A faixa se insere com clareza na tradição da chanson humoristique francesa, onde a palavra conduz e a música acompanha, criando espaço para que o texto respire e se imponha. Há ecos evidentes do espírito de La vie est un long fleuve tranquille: uma normalidade organizada, limpa e previsível que, ao ser observada de perto, revela pequenas fissuras, contradições e situações tão absurdas quanto reconhecíveis.

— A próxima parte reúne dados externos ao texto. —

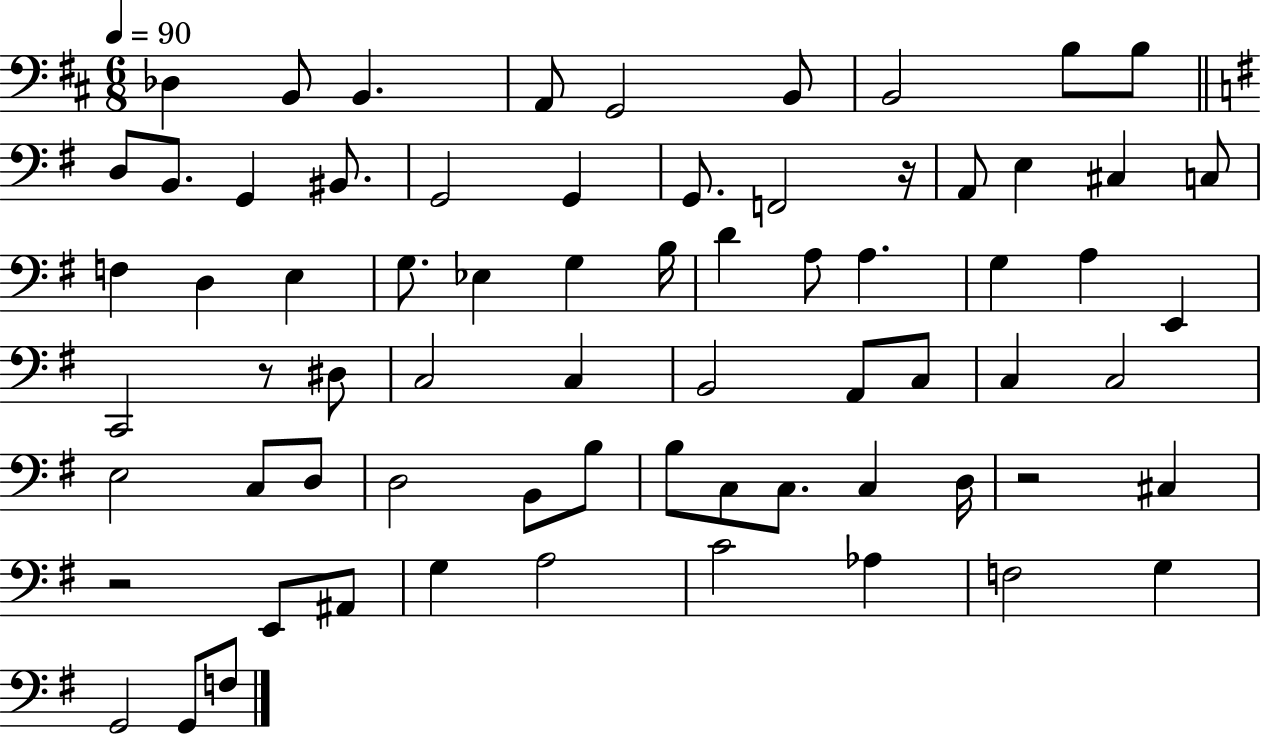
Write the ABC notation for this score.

X:1
T:Untitled
M:6/8
L:1/4
K:D
_D, B,,/2 B,, A,,/2 G,,2 B,,/2 B,,2 B,/2 B,/2 D,/2 B,,/2 G,, ^B,,/2 G,,2 G,, G,,/2 F,,2 z/4 A,,/2 E, ^C, C,/2 F, D, E, G,/2 _E, G, B,/4 D A,/2 A, G, A, E,, C,,2 z/2 ^D,/2 C,2 C, B,,2 A,,/2 C,/2 C, C,2 E,2 C,/2 D,/2 D,2 B,,/2 B,/2 B,/2 C,/2 C,/2 C, D,/4 z2 ^C, z2 E,,/2 ^A,,/2 G, A,2 C2 _A, F,2 G, G,,2 G,,/2 F,/2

O grande mérito de Ankri está no equilíbrio entre crítica e afeto. A personagem central jamais é reduzida a caricatura. Seus gestos, sua fé e sua relação com a família são apresentados como parte de um ecossistema cotidiano rígido, mas humano. O humor surge da repetição, da ordem excessiva, da institucionalização dos costumes — sempre tratados com uma ironia gentil, quase cúmplice.

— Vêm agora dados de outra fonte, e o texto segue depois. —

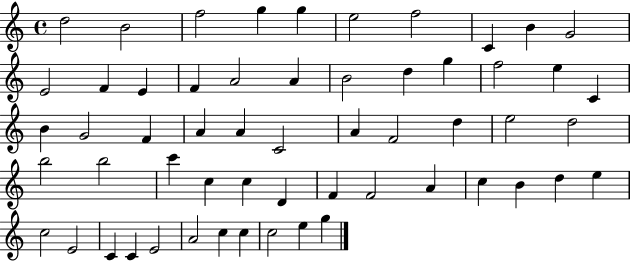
D5/h B4/h F5/h G5/q G5/q E5/h F5/h C4/q B4/q G4/h E4/h F4/q E4/q F4/q A4/h A4/q B4/h D5/q G5/q F5/h E5/q C4/q B4/q G4/h F4/q A4/q A4/q C4/h A4/q F4/h D5/q E5/h D5/h B5/h B5/h C6/q C5/q C5/q D4/q F4/q F4/h A4/q C5/q B4/q D5/q E5/q C5/h E4/h C4/q C4/q E4/h A4/h C5/q C5/q C5/h E5/q G5/q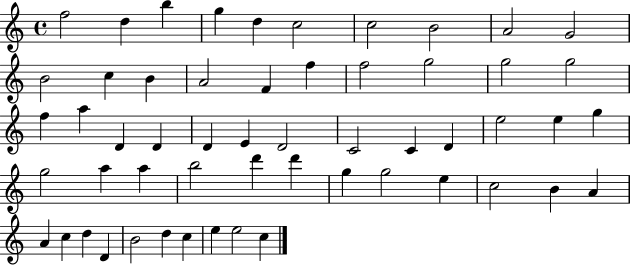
{
  \clef treble
  \time 4/4
  \defaultTimeSignature
  \key c \major
  f''2 d''4 b''4 | g''4 d''4 c''2 | c''2 b'2 | a'2 g'2 | \break b'2 c''4 b'4 | a'2 f'4 f''4 | f''2 g''2 | g''2 g''2 | \break f''4 a''4 d'4 d'4 | d'4 e'4 d'2 | c'2 c'4 d'4 | e''2 e''4 g''4 | \break g''2 a''4 a''4 | b''2 d'''4 d'''4 | g''4 g''2 e''4 | c''2 b'4 a'4 | \break a'4 c''4 d''4 d'4 | b'2 d''4 c''4 | e''4 e''2 c''4 | \bar "|."
}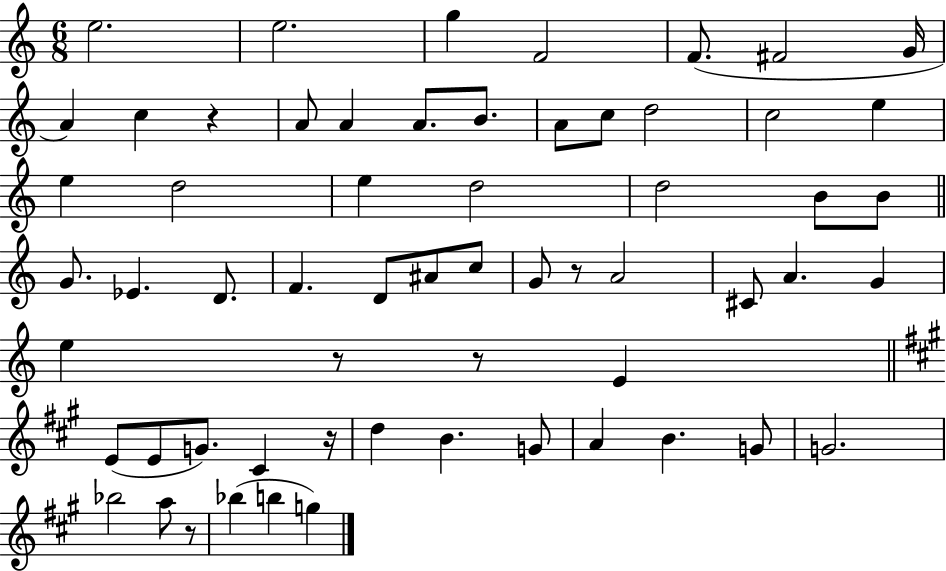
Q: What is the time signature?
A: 6/8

Musicalmente, Catholique pratiquante evita qualquer excesso que possa desviar a atenção da narrativa. O arranjo funciona como cenário, sustentando a letra sem disputá-la. Essa escolha reforça o caráter quase cinematográfico da canção, que soa como uma pequena crônica musicada, um recorte de vida contado com timing preciso e olhar atento.
Ao transformar o ordinário em matéria artística, Richard Ankri reafirma a força do humor como ferramenta de leitura social. Catholique pratiquante diverte sem superficialidade, provoca identificação sem julgamento e convida à reflexão sem peso. É nesse ponto — entre o riso e o reconhecimento — que a canção encontra sua maior inteligência.